Plaintiff's claims arise from allegations of racial coding, a concept through which it is recognized that certain terms, while non-discriminatory on their face, may “invoke racist concepts already planted in the public consciousness” (Lloyd v. Holder, 2013 WL 6667531, at *9 [SD NY 2013], app dismissed 14–559 [2d Cir 2014] ), and that the true meaning of words may depend on context (Cadet–Legros v. New York Univ. Hosp. Ctr., 135 AD3d 196, 205 [1st Dept 2015]; John v. Kingsbrook Jewish Med. Ctr./Rutland Nursing Home, 2014 WL 1236804, at *13 [ED NY 2014] affd sub nom 598 F Appx 798 [2d Cir 2015] ), and/or on “inflection, tone of voice, local custom, and historical usage” (Ash v. Tyson Foods, Inc., 546 US 454, 456  ).
In Cadet–Legros v. New York Univ. Hosp. Ctr., the Court summarily dismissed a race discrimination claim, finding that the plaintiff had failed to establish that the defendant's nondiscriminatory reason for termination constituted a pretext for discrimination, notwith-standing her allegation that her supervisors directed racially coded language at her. While the Court recognized that a plaintiff alleging discrimination must be allowed to “present a wide range of indirect evidence of discrimination, including the fact that a defendant (or its agent or employee) used coded language, that is probative of discriminatory intent,” it also held that the court must examine the language and, in some cases, its historical usage, in addition to the context in which it was used. Summary judgment must be denied if a defendant fails to prove that no reasonable jury could conclude that the statement in context was racially-coded, while it must be granted if the plaintiff fails to provide proof that could lead a reasonable jury to conclude that the statement reflected the use of language in a racially-coded way. (135 AD3d 204–205  ).
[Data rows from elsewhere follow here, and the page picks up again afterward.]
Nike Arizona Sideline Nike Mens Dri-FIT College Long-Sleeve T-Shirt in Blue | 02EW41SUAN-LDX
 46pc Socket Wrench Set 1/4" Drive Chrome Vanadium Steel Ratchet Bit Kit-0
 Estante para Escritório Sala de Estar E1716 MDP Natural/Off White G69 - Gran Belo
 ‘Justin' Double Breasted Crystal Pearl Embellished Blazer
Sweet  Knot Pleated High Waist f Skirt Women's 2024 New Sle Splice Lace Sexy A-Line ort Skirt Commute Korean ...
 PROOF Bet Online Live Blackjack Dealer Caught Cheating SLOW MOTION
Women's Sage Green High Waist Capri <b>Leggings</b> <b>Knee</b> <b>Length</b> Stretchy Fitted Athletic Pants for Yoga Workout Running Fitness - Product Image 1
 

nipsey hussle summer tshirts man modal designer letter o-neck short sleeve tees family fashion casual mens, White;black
At issue in Lloyd v. Holder, supra, was the employer's use of words such as lazy, shiftless, incompetent, entitled, slacking off, and dumb, which the plaintiff described as projecting racial stereotypes and which the Court described as potentially “ ‘dog-whistle racism’—the use of code words and themes which activate conscious or subconscious racist concepts and frames.” (2013 WL 6667531, at *9). While the Court recognized that certain facially non-discriminatory terms may invoke racist concepts, such terms are not deemed “code words” unless they activate or symbolize “racial implications or animus.” (2013 WL 6667531, at 10). If words are facially neutral, the plaintiff must submit other evidence of discrimination.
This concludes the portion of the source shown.